The Washington Examiner quoted John Berlau in the need for regulatory reform and the need to eliminate the cache of consumer data which the CFPB has been collecting because it infringes on a wide-range of consumer rights as well as consumer privacy. 

The fight for control of the Consumer Financial Protection Bureau may have significant effects on the bureau’s mass acquisition of private financial records, according to privacy advocates.

The CFPB pools vast quantities of data for research purposes, including millions of people’s credit card records, which it says are anonymized, commercially available and tracked to help consumers, not to spy on them.

Critics doubt the adequacy of safeguards, however, and liken the credit data-collection to the National Security Agency’s monitoring of internet and phone records under laws that allow tracking of spies and terrorists.

Mick Mulvaney, who assumed command of the CFPB on Monday morning, has been broadly critical of the independent agency as a “rogue” organization.


 

“Like other federal regulators, the CFPB is a data-driven agency and the CFPB uses anonymized industry data to better understand the markets it oversees,” the spokesperson said. “The consumer credit history data and other information from industry data sources is used by CFPB staff to analyze industry trends, conduct research about household finances, and assess the impact of its proposed rules on consumers and industry.”

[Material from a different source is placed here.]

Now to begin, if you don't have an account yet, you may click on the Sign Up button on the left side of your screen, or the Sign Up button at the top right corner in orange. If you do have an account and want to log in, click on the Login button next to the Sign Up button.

Documents acquired in 2013 by Judicial Watch, however, prompted concern about ambitions to monitor 80 percent of all U.S. credit card transactions and information on up to 95 percent of mortgages.

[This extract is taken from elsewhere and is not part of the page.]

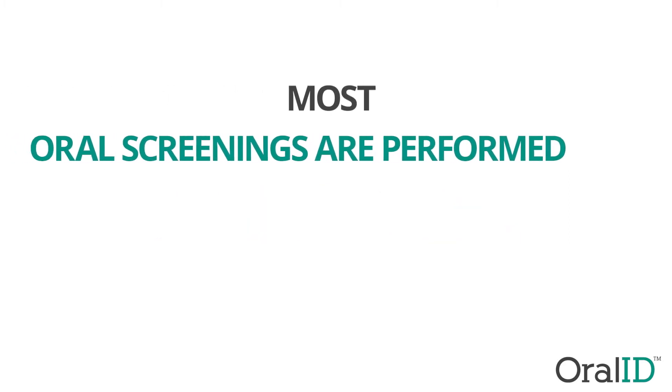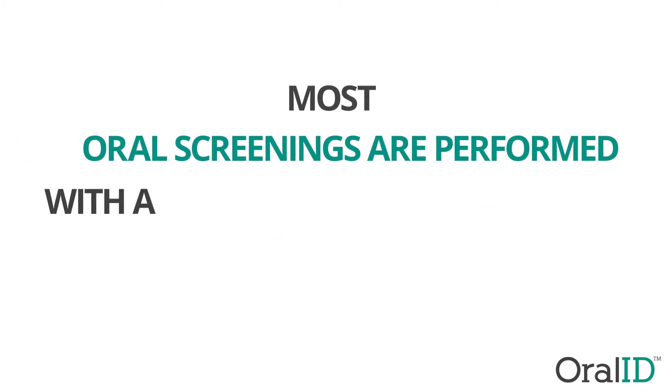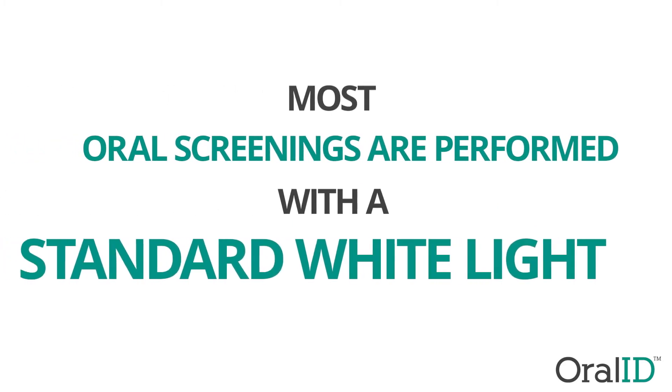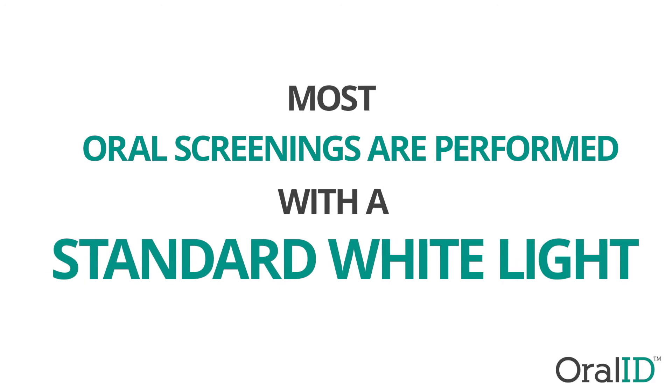Most oral screenings are performed with a standard white light, which can make it difficult to detect early stage cancers.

John Berlau, a senior fellow at the Competitive Enterprise Institute, told the Washington Examiner that he believes “it would be good policy and good politics for Mulvaney to get rid of it as quickly as he can.”

“It results in red tape but also it violates so many Americans’ privacy, having this NSA-like database and not for any national security purposes,” he said.

“The NSA at least is subject to congressional appropriations,” Berlau added, referring to the CFPB’s budgetary independence.

“They never were specific about how they anonymized that data,” he said.